How to Give Our Kids Happiness
Updated: May 25, 2019
Friday afternoon, while doing some last-minute erev Shabbos shopping in a local grocery store, I met an old friend of mine—we’ll call him Ben. We started talking and catching up on old news. Schmoozing as we shopped, we soon reached the candy aisle, where he picked up one of those REALLY large lollypops (one of those that I always dreamed of having as a kid, but my mother wouldn’t let; remember those?) and very seriously asked me, “Do you think giving one of these to each of my kids is too large a Shabbos treat?”
I hope that we can understand that yes—it’s too large for a regular Shabbos treat.
But I don’t blame Ben. I get it.
I don’t blame him, because we all so desperately want our kids to be happy. The problem though, is that we can often confuse happiness with excitement, which has terribly dangerous repercussions.
Many people go through their entire life making this mistake—thinking that happiness equals excitement. People chase after expensive cars and fancy houses, and they pursue all sorts of negative behaviors just to reach this high. Sadly, and because they know nothing else, they refuse to let go of this chase. They’ll continuously indulge in whatever brings on that high and excitement. It doesn’t last, though, so these people always need more and more. It’s never-ending and they’re never happy.
What we are actually chasing isn’t happiness. Instead, we’re pursuing excitement. In reality, the whole idea of chasing happiness is faulty, because happiness isn’t achieved by acquiring all the things we fancy. Instead, happiness is something that arrives when specific criteria are met.
Excitement, though, can be pursued and can be attained, and therein lies our mistake.

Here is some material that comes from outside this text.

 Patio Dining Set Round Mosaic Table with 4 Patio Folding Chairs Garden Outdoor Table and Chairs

Achieving excitement gives us a high and deludes us into thinking we are happy. Confused, we continue down this road, living a life of highs and lows devoid of true happiness.

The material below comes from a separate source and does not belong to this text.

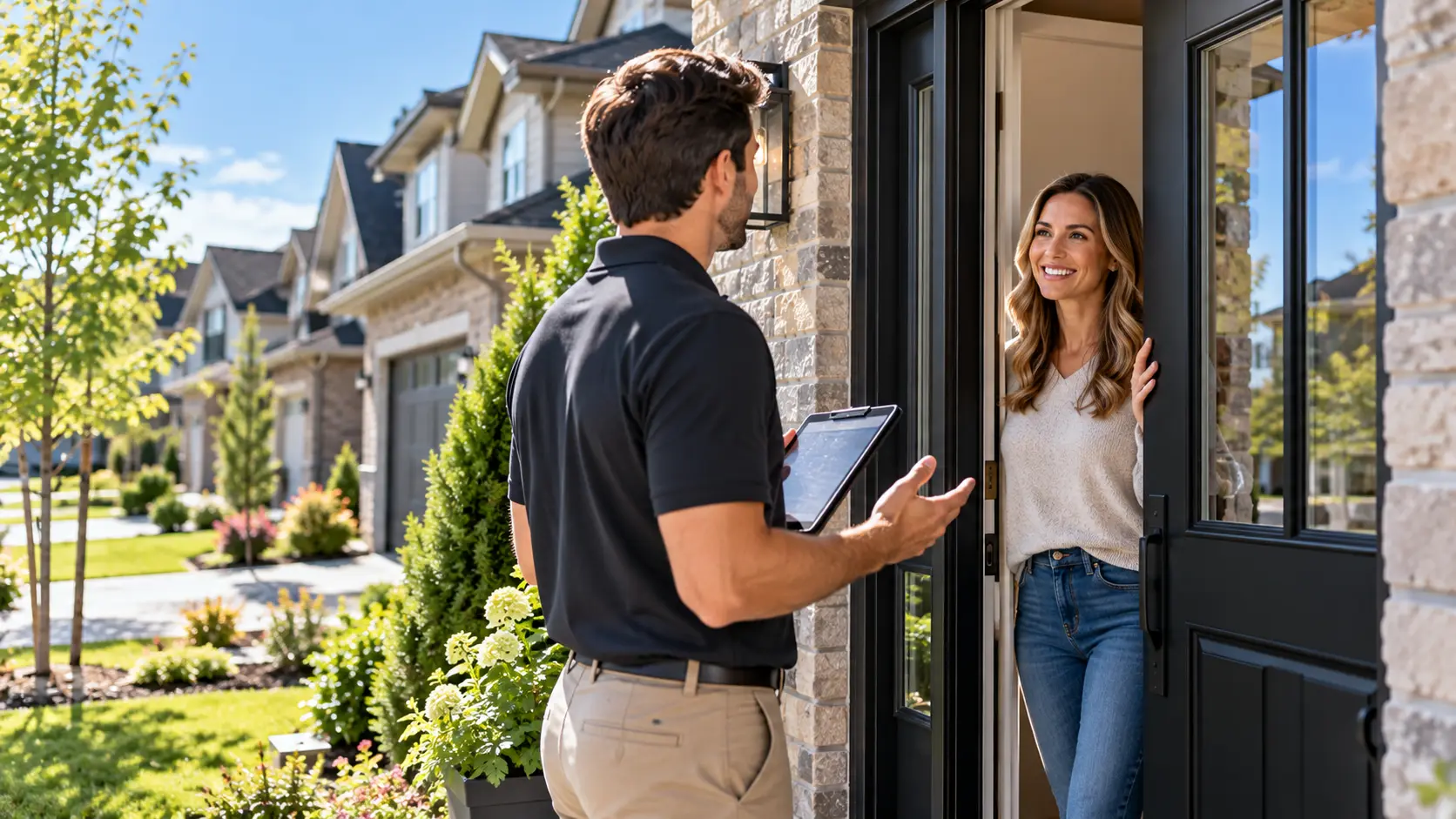 Conseiller accueilli à la porte d'une maison pour une inspection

That’s not what we want for our children.
We want our kids to be happy and there is a way to make that happen. Study after study shows the same idea. Happiness comes when we feel accomplished. When we feel that what we’re doing matters—that what I’m doing makes a difference.
In one such study, researchers gave people in elder care more autonomy. Their caregivers started giving them choices about their basic needs. They would ask them simple questions, like whether they wanted the heat on or off or whether they wanted the AC on. They were given choices about where they wanted to see visitors and how to set up their furniture. Simple decisions about daily life. The results were astounding. The levels of happiness went through the roof. Testing showed a spike of 93 percent. (And it wasn’t just happiness levels; the people who were given these choices also lived longer lives.)
We all need to feel accomplished—to feel that we are making a difference. Child or adult, it doesn’t matter. It’s a basic need.
We want our children to be happy, and to accomplish this, we will often buy them gifts or treats. We will send them to amusement parks and pay exorbitant prices for outings, all because it makes them feel good. We want to see them smiling, but it’s not the large lollypop or trip to the amusement park that will give them happiness. To get our children to be happy, we must teach them to feel success in their day-to-day life, to feel accomplished, to feel that what they’re doing matters. When we give over this feeling, we give them the gift of happiness.
And there’s another goal as well. The life outside glistens. It glitters and shines. In today’s day and age, there is no end to what’s available and that sort of excitement is so easily attained, but often not in ways that we want. Not in healthy ways. We want our children to stay strong and not fall for the emptiness outside. What protects our children, what gets our children to focus on what matters, is feeling accomplished in what they’re doing, feeling pride in what they’re doing, and feeling success in what they’re doing. They need not run after negative behaviors, because they feel positivity and happiness in their actions and in their Yiddishkeit. When we give our kids this gift, we set them up for a life of happiness and a life of success and growth.
I can’t tell you how many times I’ve had children and teens in my office who had been given everything imaginable. From electronic gadgets to trips around the world, nothing had been held back. All this was done in a bid to make them feel good and keep them connected to Torah and Yiddishkeit. We don’t want them to G-d forbid fall through the cracks. But they’re still struggling. Not only does it not help, it’s often counterproductive. What it often does is feed a rush for more highs, and instead of a life of happiness, it creates a life of dependence on such highs.
The answer to our children’s struggles isn’t to give them more and more, or to dumb down Yiddishkeit. The answer is to make them feel that they and their actions matter. To make them feel that their Torah and their avodah makes a difference.
There’s probably nothing more dangerous for our youth than failure. Facing a life of daily failure at home and in school destroys all feelings of accomplishment. This environment eats away at everything because there’s nothing that we are as starved for as the feeling of accomplishment.